■ **Instructions to follow**: With the pictures left out, write out exactly the lines of the listing below that run from the line with "Giardino Havana 6" through the line with "silhouette portrait vector".

■ **Data for processing**:

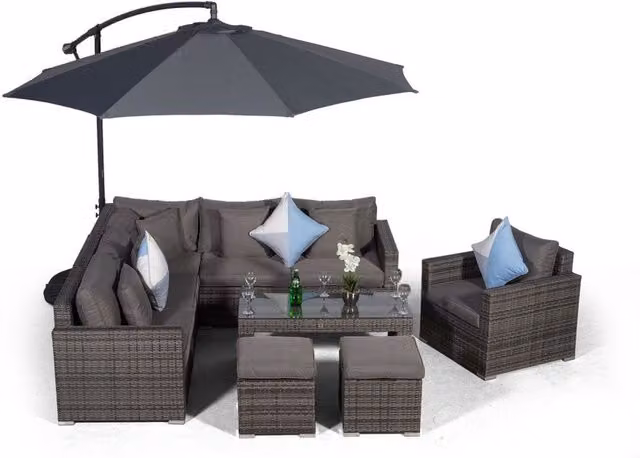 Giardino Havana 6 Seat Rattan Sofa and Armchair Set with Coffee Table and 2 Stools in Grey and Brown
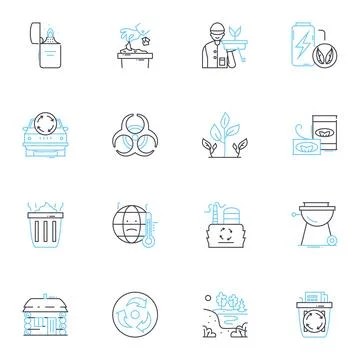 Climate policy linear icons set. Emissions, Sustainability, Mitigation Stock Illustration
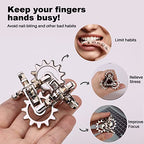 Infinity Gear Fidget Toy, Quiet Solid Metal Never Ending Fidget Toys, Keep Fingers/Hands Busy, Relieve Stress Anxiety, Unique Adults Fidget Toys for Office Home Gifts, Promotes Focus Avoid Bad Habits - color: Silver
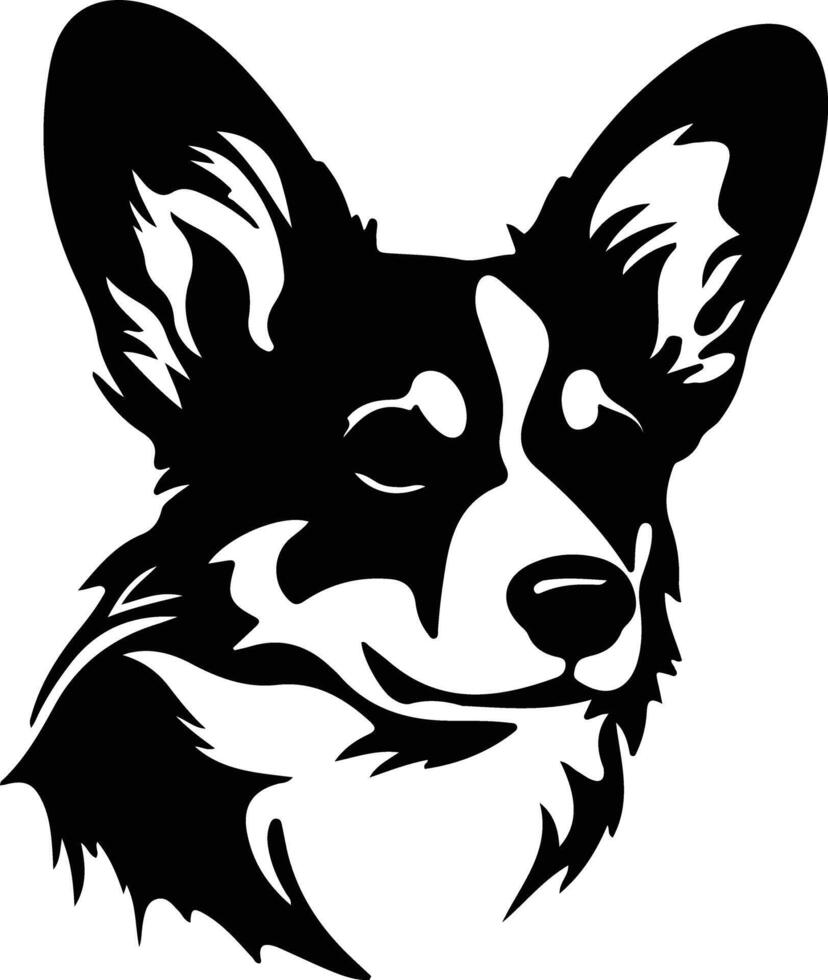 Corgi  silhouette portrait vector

* * *

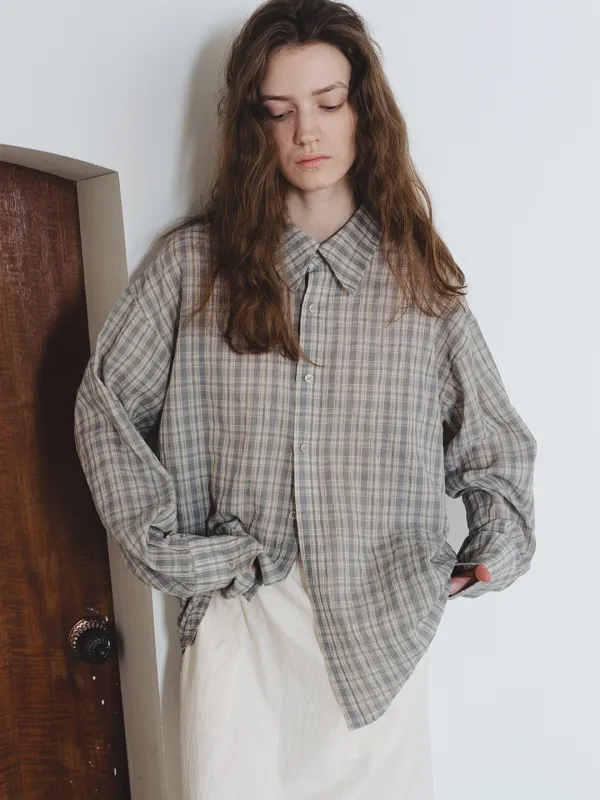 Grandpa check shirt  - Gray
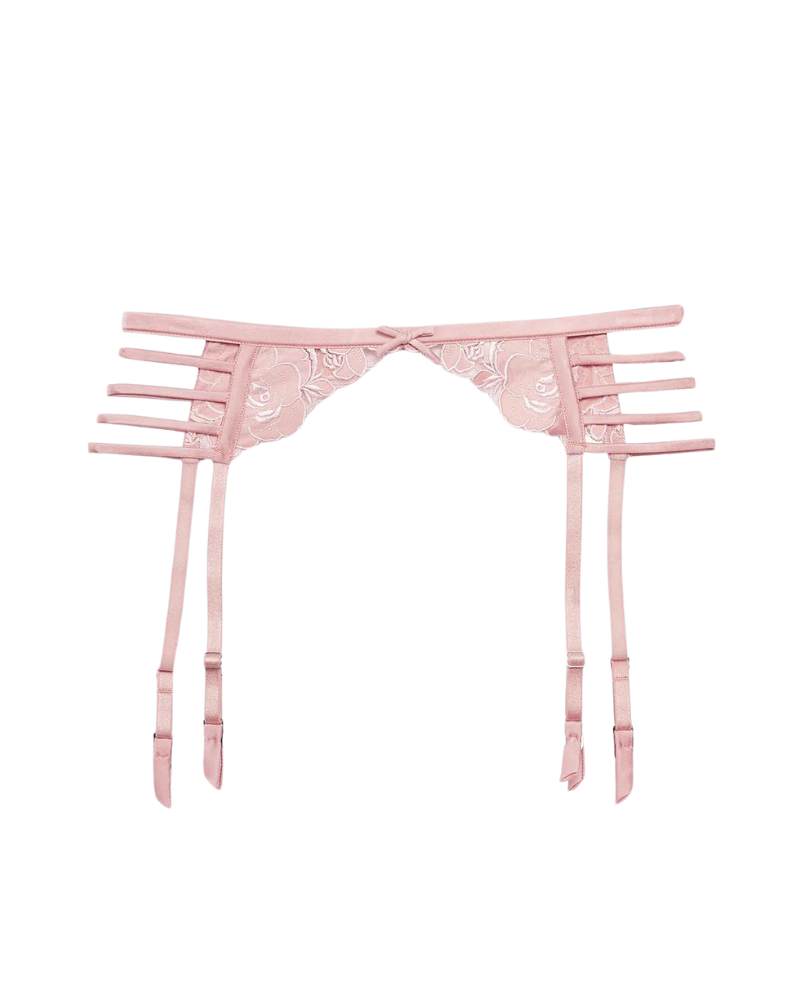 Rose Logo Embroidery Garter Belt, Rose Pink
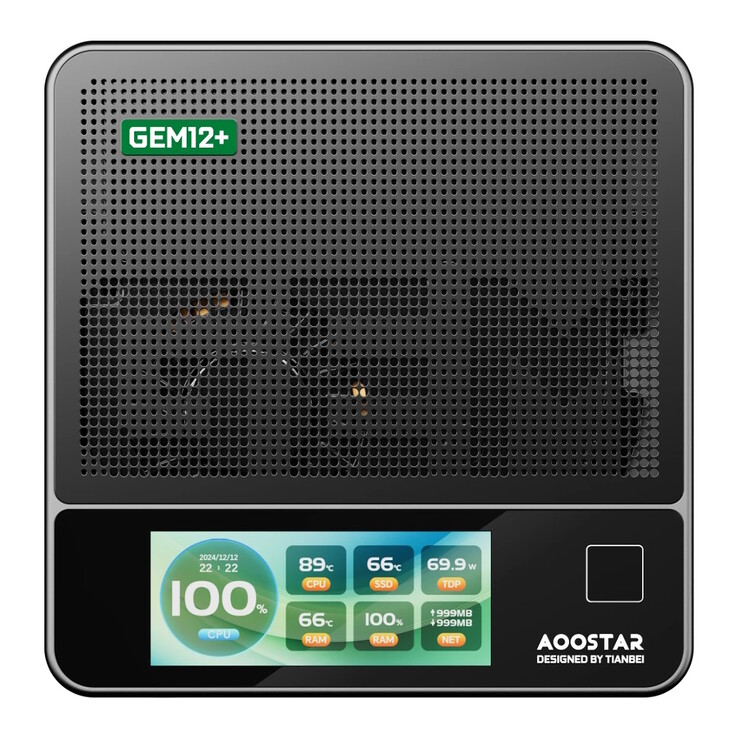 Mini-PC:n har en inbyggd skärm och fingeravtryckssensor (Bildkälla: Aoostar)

---

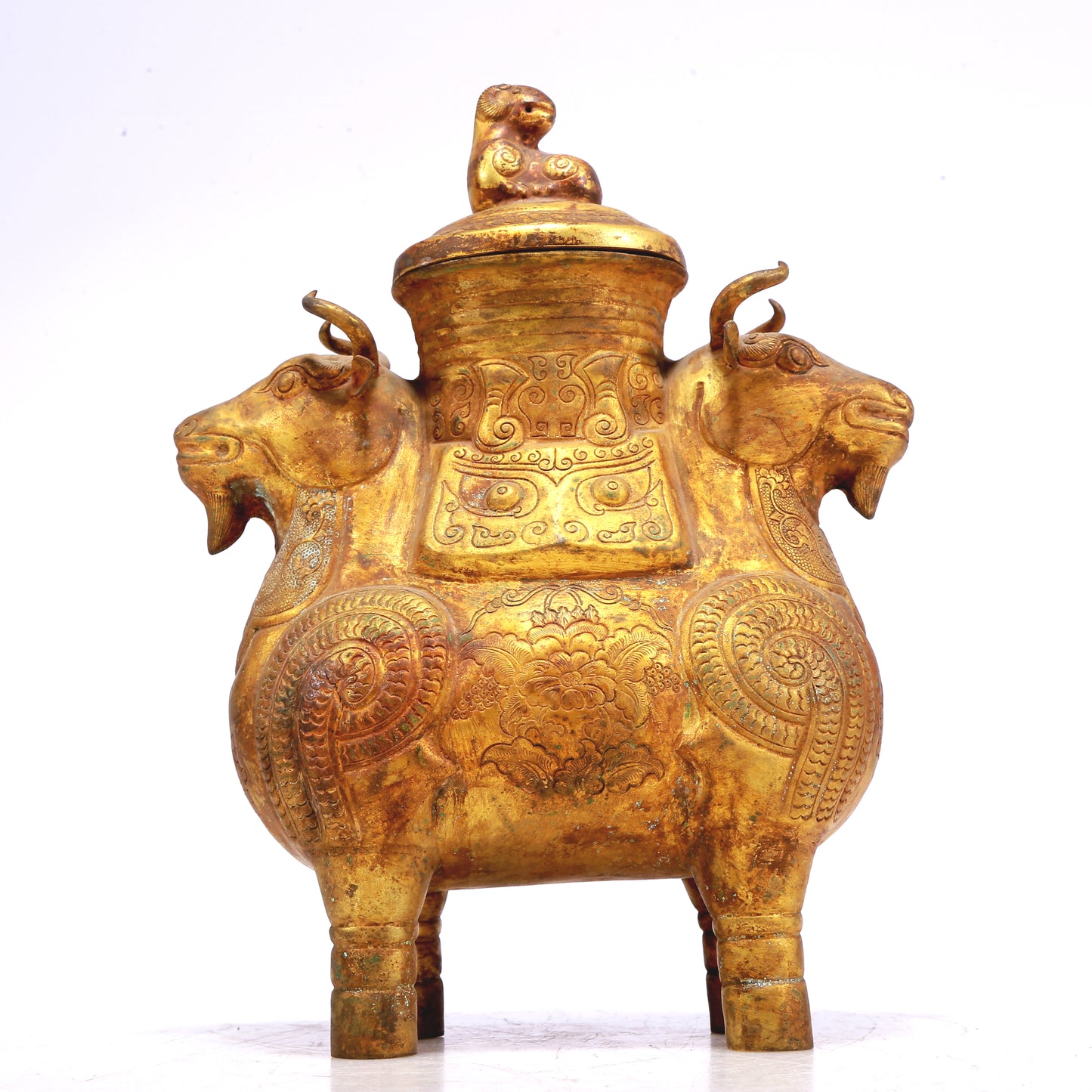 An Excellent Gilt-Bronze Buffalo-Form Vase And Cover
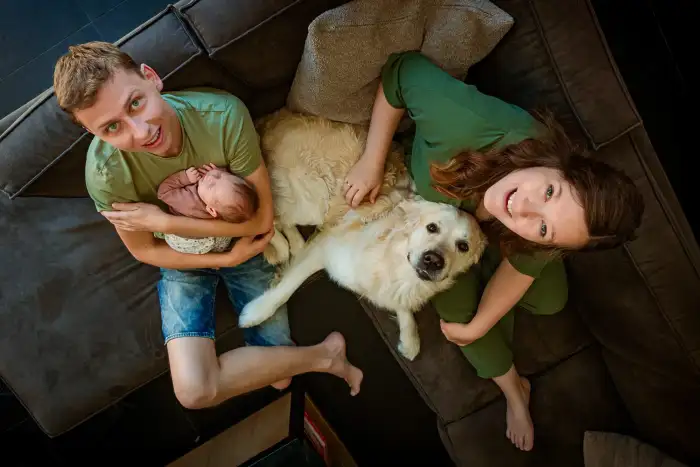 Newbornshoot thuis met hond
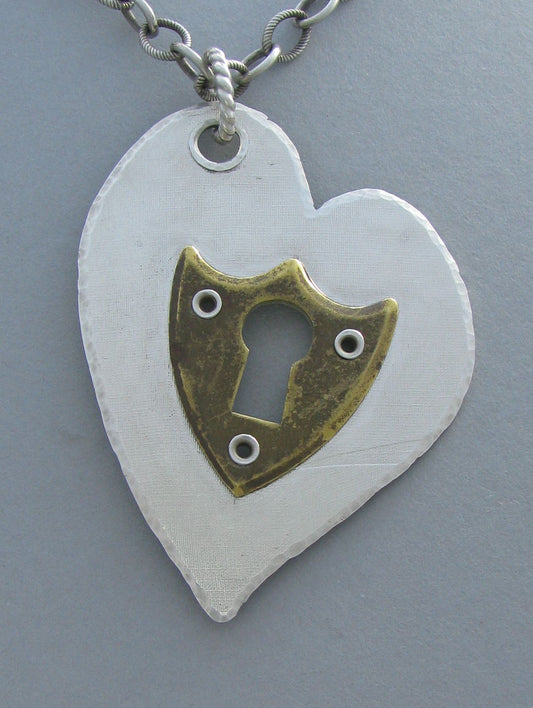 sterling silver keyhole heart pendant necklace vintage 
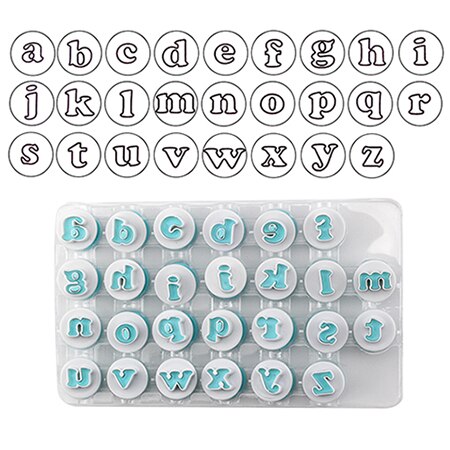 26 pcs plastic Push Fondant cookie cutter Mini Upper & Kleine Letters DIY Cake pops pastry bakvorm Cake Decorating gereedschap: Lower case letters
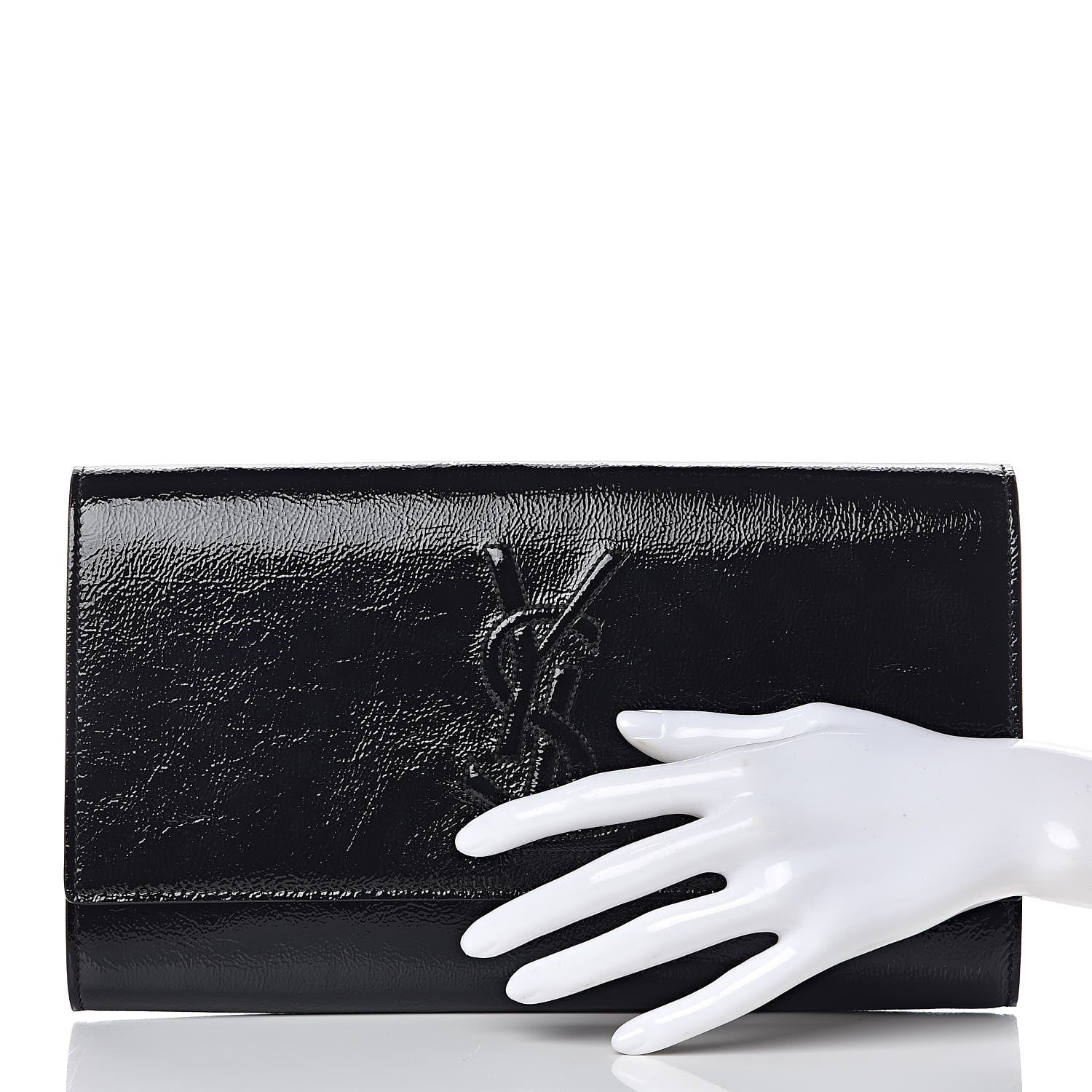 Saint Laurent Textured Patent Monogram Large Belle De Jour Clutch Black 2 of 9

■ **Output**:
 Giardino Havana 6 Seat Rattan Sofa and Armchair Set with Coffee Table and 2 Stools in Grey and Brown
 Climate policy linear icons set. Emissions, Sustainability, Mitigation Stock Illustration
 Infinity Gear Fidget Toy, Quiet Solid Metal Never Ending Fidget Toys, Keep Fingers/Hands Busy, Relieve Stress Anxiety, Unique Adults Fidget Toys for Office Home Gifts, Promotes Focus Avoid Bad Habits - color: Silver
 Corgi  silhouette portrait vector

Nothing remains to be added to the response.